Swinney’s coaching tree is starting to blossom

When it comes to coaches branching out from his program to run their own, Clemson coach Dabo Swinney had a couple of twigs. Now? “I’ve got a tree,” Swinney said. And it’s starting to blossom. Swinney’s coaching tree now has several branches, some of …

When it comes to coaches branching out from his program to run their own, Clemson coach Dabo Swinney had a couple of twigs.

Now?

“I’ve got a tree,” Swinney said.

And it’s starting to blossom.

Swinney’s coaching tree now has several branches, some of them rooted at the Power Five level of college football.
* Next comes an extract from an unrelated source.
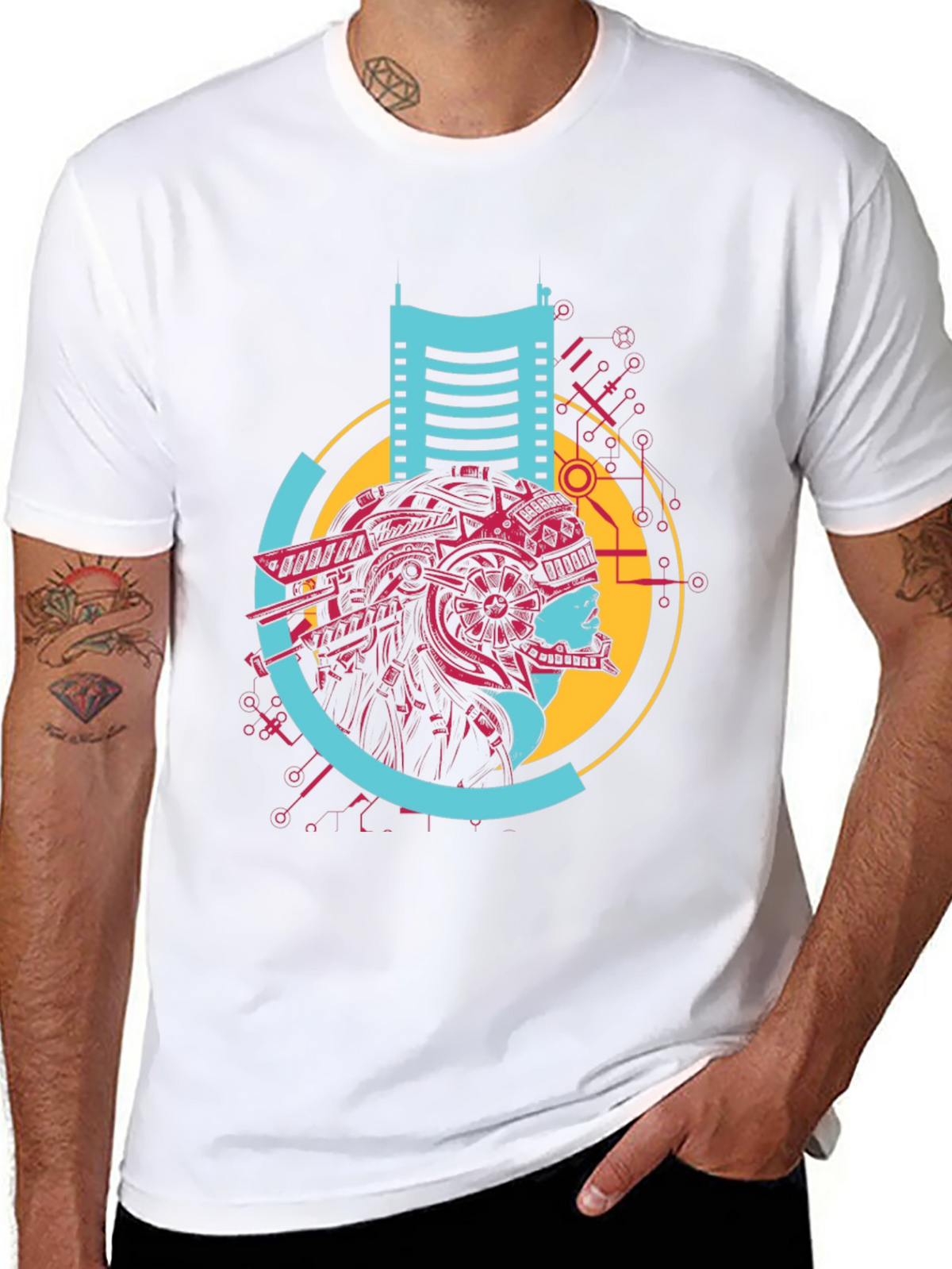 Cyberpunk Style Graphic Print Black T-Shirt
Five of Swinney’s former assistants at Clemson are now head coaches with three of those becoming first-time head coaches within the last two years.

Of course, the most recent coaches to make that leap are Brent Venables and Tony Elliott, who were hot commodities in the coaching market amid Clemson’s recent six-year College Football Playoff run yet waited on what they believed was the right job. For Venables, that was Oklahoma, where he was the defensive coordinator before taking the same job at Clemson in 2012. Elliott, Clemson’s primary play caller since 2015, recently took the head job at Virginia, where he could very well face his former boss assuming Swinney and Elliott are still in their current positions the next time the ACC cross-divisional teams pop up on each other’s schedule (Clemson last played Virginia during the regular season in 2020).

“That’s just the way it is,” Swinney said. “So many people are in a hurry to be a young head coach. My goal has always been to be an old head coach. That means you’ve been able to last, sustain and so forth. And if you’re able to do that, you’re going to have (coaches leave).”

Former offensive coordinator Chad Morris was the first assistant under Swinney to jump to the head coaching ranks, taking the SMU job in 2015 after a highly successful four-year stint calling plays for the Tigers. Morris’ successor in part, Jeff Scott, was next to make the move, taking the head coaching job at South Florida following the 2019 season after co-coordinating Clemson’s offense with Elliott for five years, including a pair of national championship seasons in 2016 and 2018.

Billy Napier is also part of Swinney’s tree, though Florida’s coach didn’t take a direct route from Clemson to the head coaching ranks. After having the interim tag removed at Clemson following the 2008 season, Swinney made Napier, a tight ends coach and recruiting coordinator on Tommy Bowden’s staff, his first offensive coordinator. Swinney fired Napier after just two seasons in that role and hired Morris as his replacement.

Napier went on to coach at Colorado State, Florida State, Alabama and Arizona State before landing his first head coaching job at Louisiana in 2018. After turning the Ragin’ Cajuns into one of the country’s top Group of Five programs with three straight double-digit win seasons, he was hired as Dan Mullen’s successor at Florida earlier this month.

How long it takes for more branches to form remains to be seen.

Swinney has promoted Brandon Streeter, a former FCS coordinator, and Wesley Goodwin as replacements for Elliott and Venables, respectively. Both have recently turned down other job offers, including some in the NFL, to remain at Clemson for the time being. Swinney called one of his defensive line coaches, Todd Bates, who recently had assistant head coach added to his title, a “future head coach.”